A legal consulting firm's survey of potential jurors was a key part of Wednesday's argument by defense attorneys that an impartial jury cannot be seated in the county where Fitch is charged with murdering Mendota Heights police officer Scott Patrick, the newspaper says.

Fitch's lawyers want the trial moved out of the Twin Cities area. The survey of 265 Dakota County residents by the National Jury Project found 83 percent of respondents think Fitch is definitely or probably guilty, FOX 9 reports.

Brian Fitch (Dakota County Jail)

Brian Fitch (Dakota County Jail)

Fitch (right) is scheduled to stand trial Jan. 12 at the courthouse in Hastings. The lead prosecutor at Wednesday's hearing argued against a change of venue. The Pioneer Press says Judge Mary Theisen pushed him on that point, asking "Isn't it a reasonable likelihood that he can't get a fair trial here?"

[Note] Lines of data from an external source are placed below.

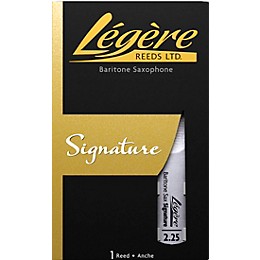 Legere Reeds Signature Baritone Saxophone Reed Strength 2.25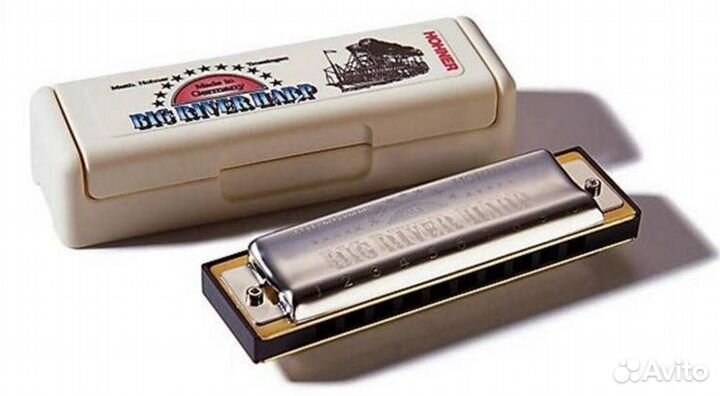 Hohner Big river harp C (M590016X/M590017) губная
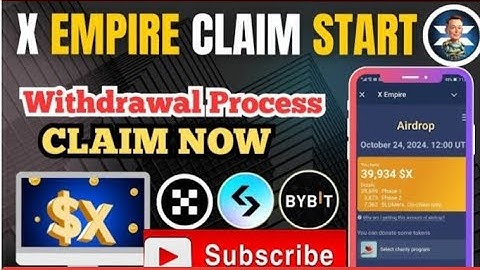 How to withdraw X EMPIRE token on exchange bybit bitget or okx.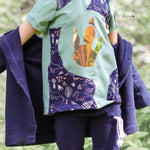Schnittmuster *Big Wave Shirt* #T-Shirt Gr. 74-152 - Sewando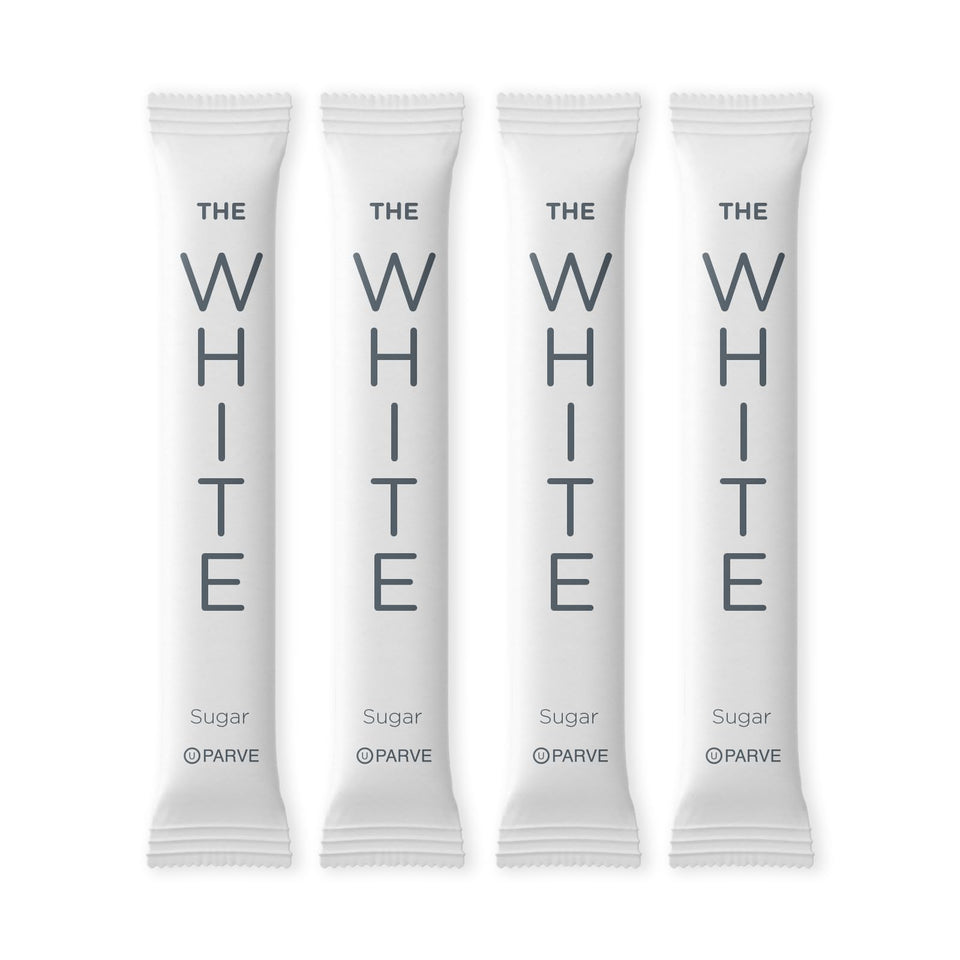 SUGART white sugar stick packet open for tidy, mess-free use.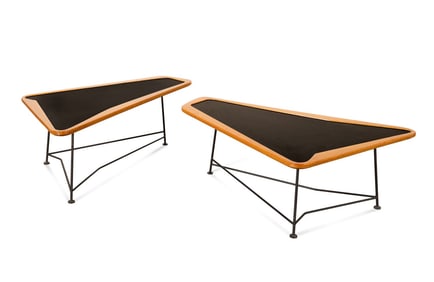 CHARLES RAMOS, PAIR OF MODERNIST COFFEE TABLES
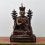 Hand Made Copper Alloy in Oxidation Finish 10" The 16th Karmapa  Statue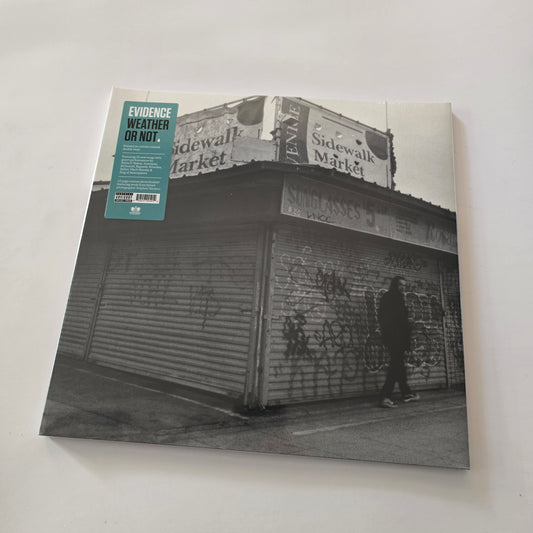 EVIDENCE - WEATHER OR NOT (SEALED) BLUE COLORED VINYL 2XLP -NEW!-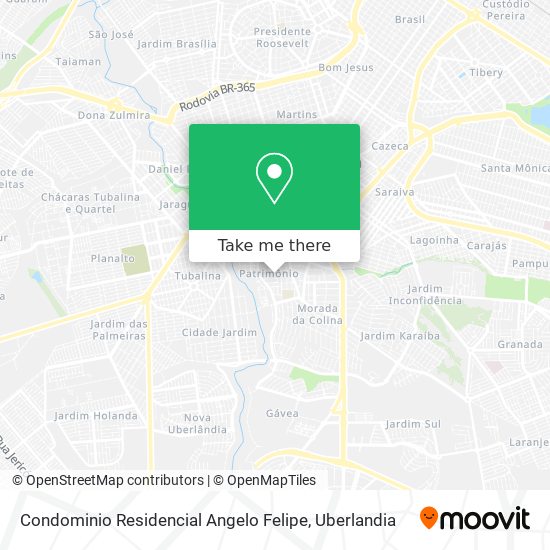 Mapa Condominio Residencial Angelo Felipe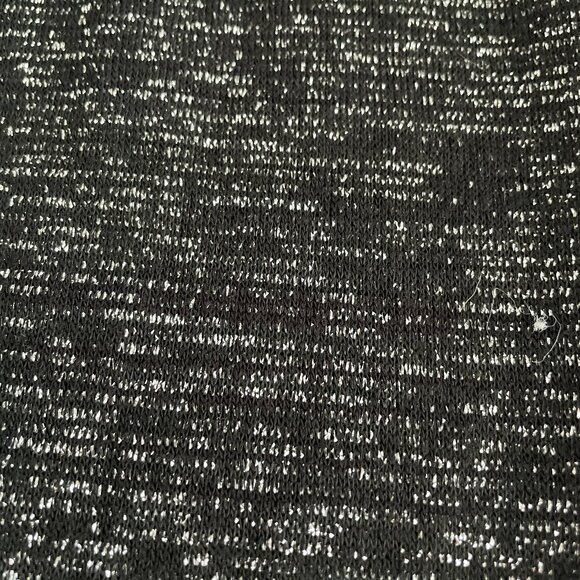 INC Women's Black with Silver Metallic LongSleeve V-Neck Top, Size XXL EUC - Picture 5 of 9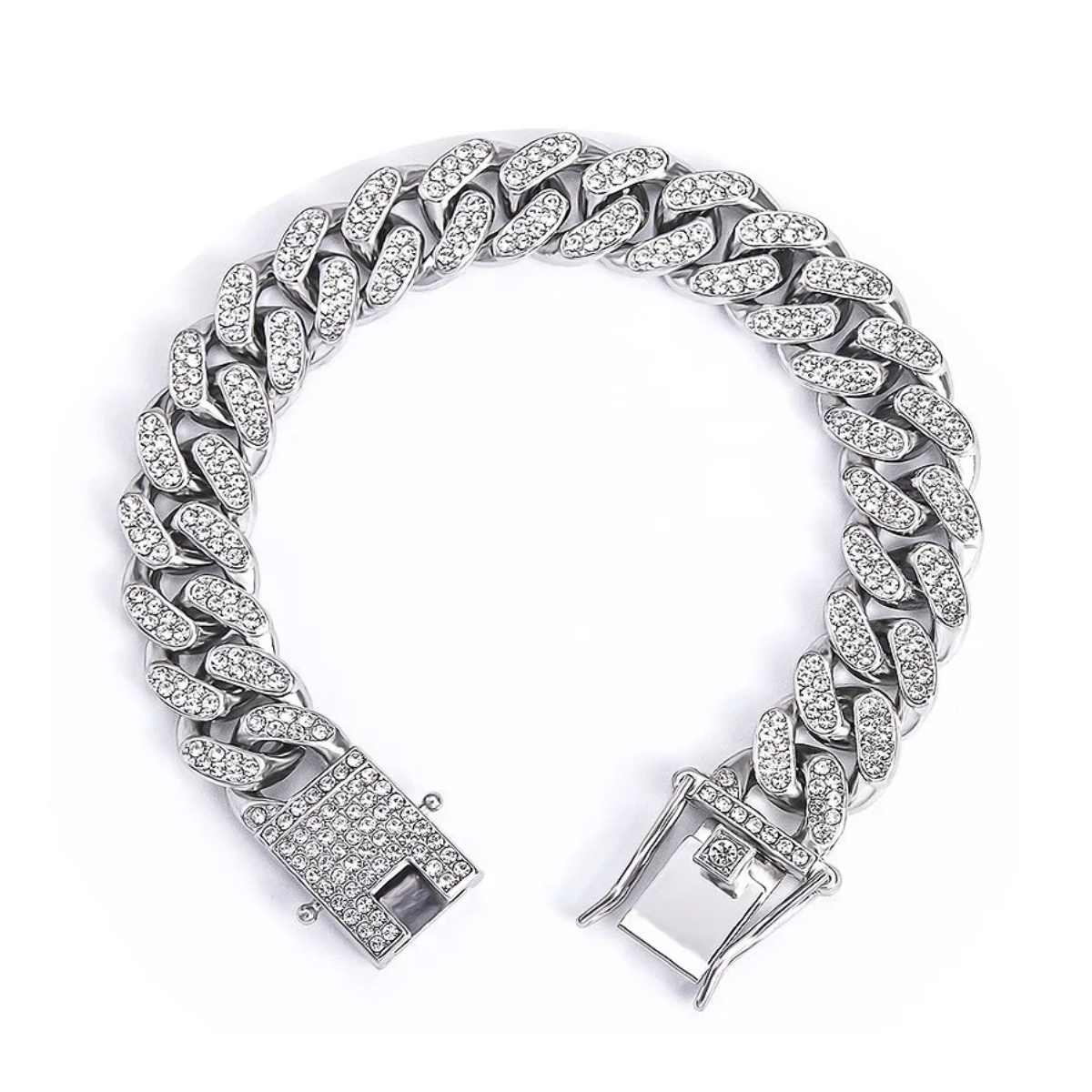 Foto 4 pulgar | Reloj De Pulsera De Lujo Con Diamantes Y Brazalete, Unisex Lab.g Plateado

According to the paper, prosecutor Phil Prokopowicz said potential jurors should be questioned under oath about whether they can set aside what they've heard about the case in the news media.

Hamline University law professor Joe Daly tells KSTP the question Judge Theisen will have to resolve boils down to: "Can the people of this county make a fair decision based on the facts presented at the trial, or have they already made up their mind?"

Fitch also faces attempted murder charges stemming from the shootout with police that led to his July 30 arrest in Ramsey County. Those charges have been combined with the Dakota County case for a single trial, but defense attorneys want Theisen to separate them into two cases.

According to reports, the judge is expected to rule on the defense motions within a few weeks.

The 47-year-old Patrick was a 1985 graduate of St. Paul's Humboldt High School, which inducted him into its Hall of Fame Wednesday, WCCO reports.